You shouldn't fit an entire database in the context anyway.

btw, 10M tokens is 78 times more context window than the newest GPT-4-turbo (128K). In a way, you don't need 78 GPT-4 API calls, only one batch call to Gemini 1.5.

Well it's nice, just sad nobody can use it

I don't get this why is it people think that you need to put an entire database in the short-term memory of the AI to be useful? When you work with a DB are you memorizing the entire f*cking database, no, you know the summaries of it and how to access and use it.

People also seem to forget that the average is 1b words that are read by people in their entire LIFETIME, and at 10m, with nearly 100% recall thats pretty damn amazing, i'm pretty sure I don't have perfect recall of 10m words myself lol

This may be useful in a generalized use case, but a problem is that many of those results again will add noise.

For any use case where you want contextual results, you need to be able to either filter the search scope or use RAG to pre-define the acceptable corpus.

Hopefully we can get a better RAG out of it. Currently people do incredibly primitive stuff like chunking text into chunks of a fixed size and adding them to vector DB.

An actually useful RAG would be to convert text to Q&A and use Q's embeddings as an index. Large context can make use of in-context learning to make better Q&A.

A lot of people in RAG already do this. I do this with my product: we process each page and create lists of potential questions that the page would answer, and then embed that.

We also embed the actual text, though, because I found that only doing the questions resulted in inferior performance.

So in this case, what your workflow might look like is:

    1. Get text from page/section/chunk
    2. Generate possible questions related to the page/section/chunk
    3. Generate an embedding using { each possible question + page/section/chunk }
    4. Incoming question targets the embedding and matches against { question + source }

Is this roughly it? How many questions do you generate? Do you save a separate embedding for each question? Or just stuff all of the questions back with the page/section/chunk?

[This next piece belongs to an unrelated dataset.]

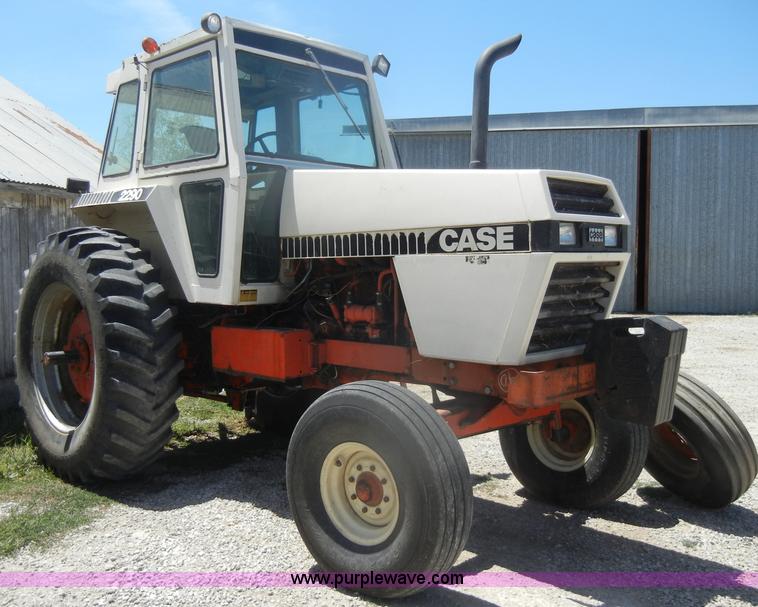 image for item D4379 1979 Case 2290 tractor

"The 10M context ability wipes out most RAG stack complexity immediately."

I'm skeptical, my past experience is just becaues the context has room to stuff whatever you want in it, the more you stuff in the context the less accurate your results are. There seems to be this balance of providing enough that you'll get high quality answers, but not too much that the model is overwhelmed.

I think a large part of developing better models is not just a better architectures that support larger and larger context sizes, but also capable models that can properly leverage that context. That's the test for me.

They explicitly address this in page 11 of the report. Basically perfect recall for up to 1M tokens; way better than GPT-4.

I don't think recall really addresses it sufficiently: the main issue I see is answers getting "muddy". Like it's getting pulled in too many directions and averaging.

I'd urge caution in extending generalizations about "muddiness" to a new context architecture. Let's use the thing first.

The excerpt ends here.